* Activity *
Every entry here should be copied exactly.
★ ★ ★ ★ ★ ★ ★
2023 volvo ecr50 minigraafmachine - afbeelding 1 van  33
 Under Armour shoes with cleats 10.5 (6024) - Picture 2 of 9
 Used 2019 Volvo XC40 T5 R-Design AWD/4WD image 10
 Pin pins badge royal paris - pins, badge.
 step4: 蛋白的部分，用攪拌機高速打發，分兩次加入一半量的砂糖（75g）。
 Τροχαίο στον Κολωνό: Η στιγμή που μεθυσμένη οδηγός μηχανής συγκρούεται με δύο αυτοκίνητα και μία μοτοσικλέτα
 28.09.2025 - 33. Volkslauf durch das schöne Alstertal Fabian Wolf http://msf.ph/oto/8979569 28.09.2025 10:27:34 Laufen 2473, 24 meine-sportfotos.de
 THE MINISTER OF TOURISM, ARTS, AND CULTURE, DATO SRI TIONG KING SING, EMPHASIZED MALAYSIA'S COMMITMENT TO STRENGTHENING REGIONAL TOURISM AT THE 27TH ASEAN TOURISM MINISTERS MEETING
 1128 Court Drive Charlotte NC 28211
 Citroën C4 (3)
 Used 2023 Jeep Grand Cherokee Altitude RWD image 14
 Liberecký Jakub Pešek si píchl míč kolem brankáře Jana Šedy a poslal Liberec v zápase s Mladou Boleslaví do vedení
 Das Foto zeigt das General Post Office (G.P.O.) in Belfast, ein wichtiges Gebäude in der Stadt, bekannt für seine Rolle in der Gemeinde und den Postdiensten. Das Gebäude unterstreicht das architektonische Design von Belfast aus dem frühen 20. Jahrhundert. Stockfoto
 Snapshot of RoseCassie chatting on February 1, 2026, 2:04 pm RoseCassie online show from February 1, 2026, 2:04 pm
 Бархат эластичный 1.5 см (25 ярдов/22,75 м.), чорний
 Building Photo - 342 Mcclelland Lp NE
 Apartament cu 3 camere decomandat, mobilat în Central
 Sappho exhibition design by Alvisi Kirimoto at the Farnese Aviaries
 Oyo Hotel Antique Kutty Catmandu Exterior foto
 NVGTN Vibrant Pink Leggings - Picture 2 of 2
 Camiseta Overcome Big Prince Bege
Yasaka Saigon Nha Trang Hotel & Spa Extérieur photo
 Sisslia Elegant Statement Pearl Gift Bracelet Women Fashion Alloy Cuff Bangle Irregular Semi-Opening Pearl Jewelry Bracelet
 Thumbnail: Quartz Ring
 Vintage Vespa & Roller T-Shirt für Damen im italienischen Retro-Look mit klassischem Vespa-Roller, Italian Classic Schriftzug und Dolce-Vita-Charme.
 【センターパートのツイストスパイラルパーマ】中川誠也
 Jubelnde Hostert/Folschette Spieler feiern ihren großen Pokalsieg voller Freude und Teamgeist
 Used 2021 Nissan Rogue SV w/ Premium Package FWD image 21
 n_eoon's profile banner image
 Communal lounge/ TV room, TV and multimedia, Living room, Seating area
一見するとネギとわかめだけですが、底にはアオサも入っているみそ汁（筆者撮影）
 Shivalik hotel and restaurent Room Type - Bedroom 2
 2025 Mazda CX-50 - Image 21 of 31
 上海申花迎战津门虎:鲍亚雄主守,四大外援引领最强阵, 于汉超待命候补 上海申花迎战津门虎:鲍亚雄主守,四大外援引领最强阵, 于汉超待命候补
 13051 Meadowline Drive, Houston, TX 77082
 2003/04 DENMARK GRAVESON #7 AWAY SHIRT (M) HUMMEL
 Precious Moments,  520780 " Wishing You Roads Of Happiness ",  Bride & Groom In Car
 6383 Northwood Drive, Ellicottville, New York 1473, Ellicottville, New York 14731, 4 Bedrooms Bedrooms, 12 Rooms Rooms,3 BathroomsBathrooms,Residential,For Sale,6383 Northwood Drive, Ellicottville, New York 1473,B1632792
★ ★ ★ ★ ★ ★ ★
* Your solution *
2023 volvo ecr50 minigraafmachine - afbeelding 1 van  33
 Under Armour shoes with cleats 10.5 (6024) - Picture 2 of 9
 Used 2019 Volvo XC40 T5 R-Design AWD/4WD image 10
 Pin pins badge royal paris - pins, badge.
 step4: 蛋白的部分，用攪拌機高速打發，分兩次加入一半量的砂糖（75g）。
 Τροχαίο στον Κολωνό: Η στιγμή που μεθυσμένη οδηγός μηχανής συγκρούεται με δύο αυτοκίνητα και μία μοτοσικλέτα
 28.09.2025 - 33. Volkslauf durch das schöne Alstertal Fabian Wolf http://msf.ph/oto/8979569 28.09.2025 10:27:34 Laufen 2473, 24 meine-sportfotos.de
 THE MINISTER OF TOURISM, ARTS, AND CULTURE, DATO SRI TIONG KING SING, EMPHASIZED MALAYSIA'S COMMITMENT TO STRENGTHENING REGIONAL TOURISM AT THE 27TH ASEAN TOURISM MINISTERS MEETING
 1128 Court Drive Charlotte NC 28211
 Citroën C4 (3)
 Used 2023 Jeep Grand Cherokee Altitude RWD image 14
 Liberecký Jakub Pešek si píchl míč kolem brankáře Jana Šedy a poslal Liberec v zápase s Mladou Boleslaví do vedení
 Das Foto zeigt das General Post Office (G.P.O.) in Belfast, ein wichtiges Gebäude in der Stadt, bekannt für seine Rolle in der Gemeinde und den Postdiensten. Das Gebäude unterstreicht das architektonische Design von Belfast aus dem frühen 20. Jahrhundert. Stockfoto
 Snapshot of RoseCassie chatting on February 1, 2026, 2:04 pm RoseCassie online show from February 1, 2026, 2:04 pm
 Бархат эластичный 1.5 см (25 ярдов/22,75 м.), чорний
 Building Photo - 342 Mcclelland Lp NE
 Apartament cu 3 camere decomandat, mobilat în Central
 Sappho exhibition design by Alvisi Kirimoto at the Farnese Aviaries
 Oyo Hotel Antique Kutty Catmandu Exterior foto
 NVGTN Vibrant Pink Leggings - Picture 2 of 2
 Camiseta Overcome Big Prince Bege
Yasaka Saigon Nha Trang Hotel & Spa Extérieur photo
 Sisslia Elegant Statement Pearl Gift Bracelet Women Fashion Alloy Cuff Bangle Irregular Semi-Opening Pearl Jewelry Bracelet
 Thumbnail: Quartz Ring
 Vintage Vespa & Roller T-Shirt für Damen im italienischen Retro-Look mit klassischem Vespa-Roller, Italian Classic Schriftzug und Dolce-Vita-Charme.
 【センターパートのツイストスパイラルパーマ】中川誠也
 Jubelnde Hostert/Folschette Spieler feiern ihren großen Pokalsieg voller Freude und Teamgeist
 Used 2021 Nissan Rogue SV w/ Premium Package FWD image 21
 n_eoon's profile banner image
 Communal lounge/ TV room, TV and multimedia, Living room, Seating area
一見するとネギとわかめだけですが、底にはアオサも入っているみそ汁（筆者撮影）
 Shivalik hotel and restaurent Room Type - Bedroom 2
 2025 Mazda CX-50 - Image 21 of 31
 上海申花迎战津门虎:鲍亚雄主守,四大外援引领最强阵, 于汉超待命候补 上海申花迎战津门虎:鲍亚雄主守,四大外援引领最强阵, 于汉超待命候补
 13051 Meadowline Drive, Houston, TX 77082
 2003/04 DENMARK GRAVESON #7 AWAY SHIRT (M) HUMMEL
 Precious Moments,  520780 " Wishing You Roads Of Happiness ",  Bride & Groom In Car
 6383 Northwood Drive, Ellicottville, New York 1473, Ellicottville, New York 14731, 4 Bedrooms Bedrooms, 12 Rooms Rooms,3 BathroomsBathrooms,Residential,For Sale,6383 Northwood Drive, Ellicottville, New York 1473,B1632792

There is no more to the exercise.